“I do not recognise these 'rankings', which are mere hierarchies of schools, as a great indicator of the quality of the work that is done in schools”, said João Costa in statements to Lusa.
One of the lists most criticised by the ministry is the one that is limited to ranking schools by average results obtained in national exams, ignoring the socio-economic contexts of school communities.
“Over the last few years we have produced many performance indicators in schools, we have more than five dozen indicators that allow us to gauge the quality of the work carried out”, he underlined.
Since 2016, the Ministry has invested in the production of indicators to achieve “a good, richer and denser picture”, which allows people to “not to jump to easy conclusions” when talking about schools and the Portuguese education system.

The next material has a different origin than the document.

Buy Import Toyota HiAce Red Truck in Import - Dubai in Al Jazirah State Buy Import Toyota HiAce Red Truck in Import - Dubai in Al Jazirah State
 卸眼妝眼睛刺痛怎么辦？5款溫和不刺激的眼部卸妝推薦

From the list of 56 indicators, João Costa highlighted equity, because “it allows the quality of school work to be evaluated not only in terms of the absolute final results, as school quality is traditionally referred to, but how each school promotes work with the students according to their profile”.
Through the equity indicator, it is possible to understand the work of the school, since there is a comparison between students with the same socioeconomic profile that allows us to understand “how far the school takes them”.
The equity indicator assesses the situation of the most needy students, who have School Social Support (ASE).
The data released by the Ministry reveal a constant improvement in academic results with students with ASE, with fewer and fewer failing or giving up studying.